Models of Addition

Learning the three models of addition enables children to fully understand addition used in problem solving, various operations, and in everyday life.

Putting Together: two separate sets meet in one location.

Adding On: one set moves to join another set.

Separating: adding together 2 stationary sets.

If sets are not clearly understood, group/s can be substituted for set/s. After explaining the three models, examples should be presented. It takes a while for children to realize that the numerical answer is not the answer – you want to hear which model it is. The following are some examples, first for a mother with a child or two and then for a teacher with a class:

Mother, for putting together: Sam is in his bedroom and Julia is in the living room. Their mother calls both of them to meet her in the kitchen. When they arrive in the kitchen, how many people are there now?

Mother, for adding on: Lizzy is by herself in her house. Jane and Tom are playing outside. Lizzy asks them to come inside to play with her.  How many children now are playing inside?

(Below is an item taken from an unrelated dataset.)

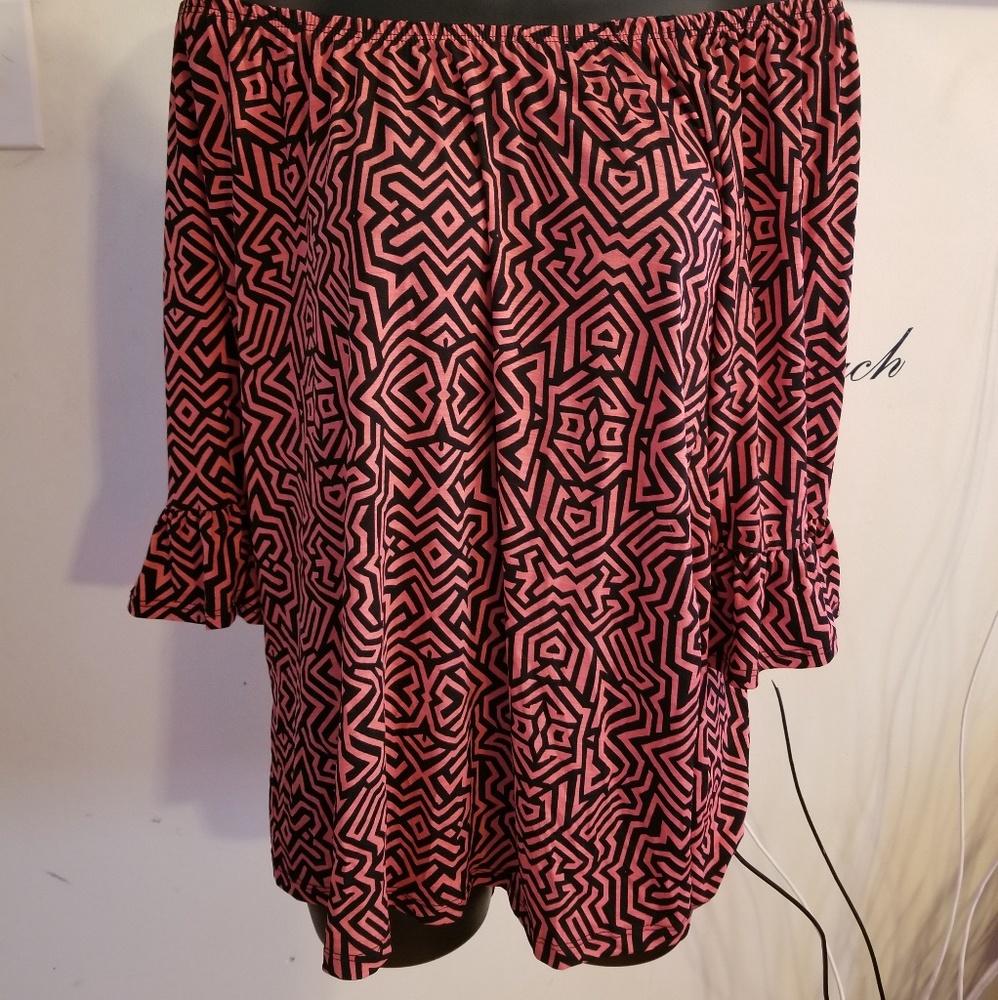 New without tags...off the shoulder top S ,M,L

Mother, for separating: There are two green cars parked on the side of the street.   Two red cars are parked in a parking lot.  How many cars are parked?

Teacher, for putting together: There is a program in the assembly.  Mrs. B’s class leaves their room and Mr. F’s class leaves their room and both go to sit in the assembly. How many children are in the assembly?

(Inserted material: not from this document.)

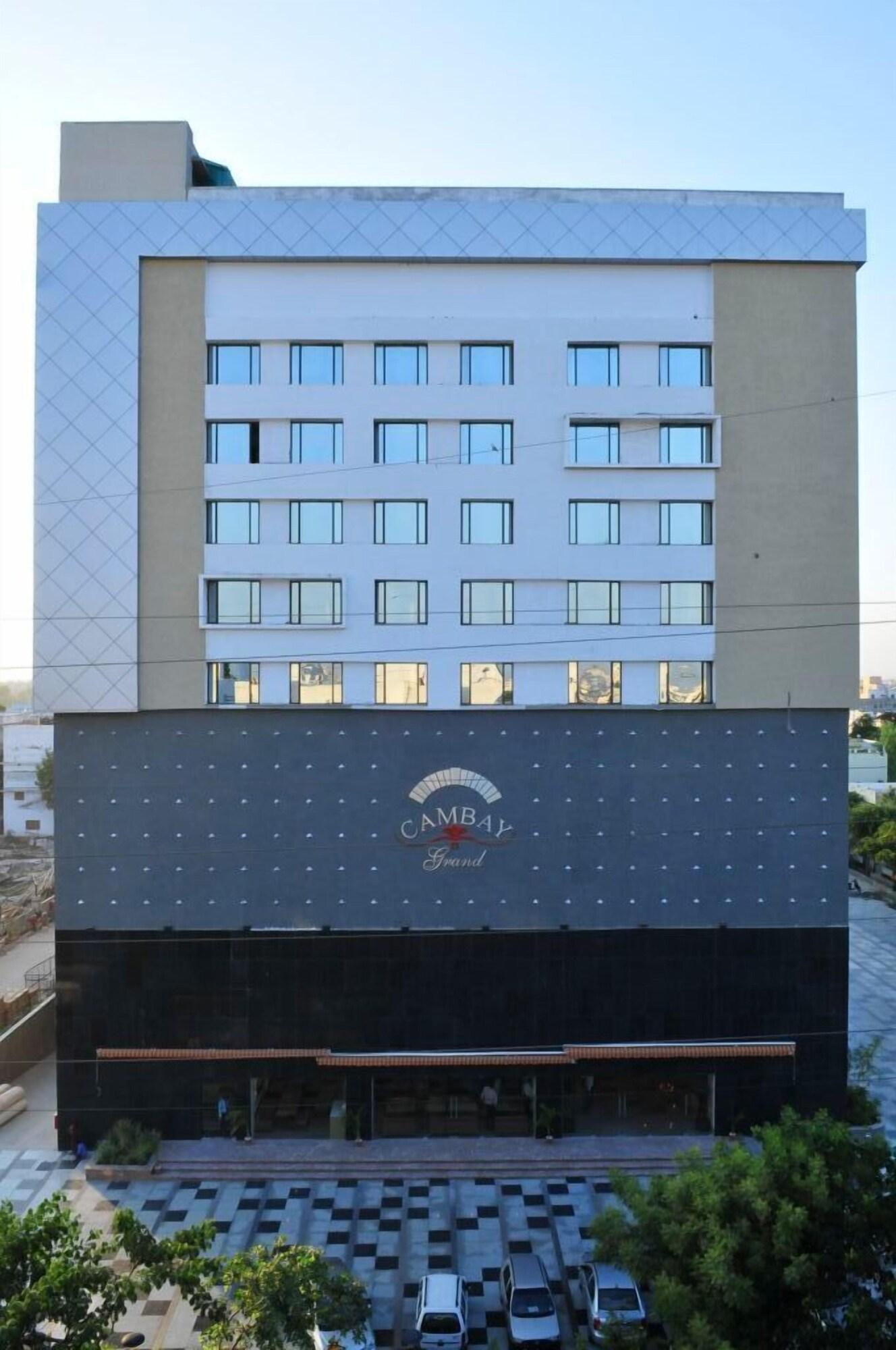 The Cambay Grand Hotel Ахмедабад Екстериор снимка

Teacher, for adding on:  Our class is in our room and we invited Ms. Green’s class to come and see our play.  How many are in our class now?

Teacher, for separating: Five children in Mrs. T’s class are wearing red today. Seven children in Ms. Smith’s class are also wearing red. How many children are wearing red?

Again, it takes practice for children to answer which model it is. But when children are easily able to give the correct model, they will fully understand the use and purpose for addition.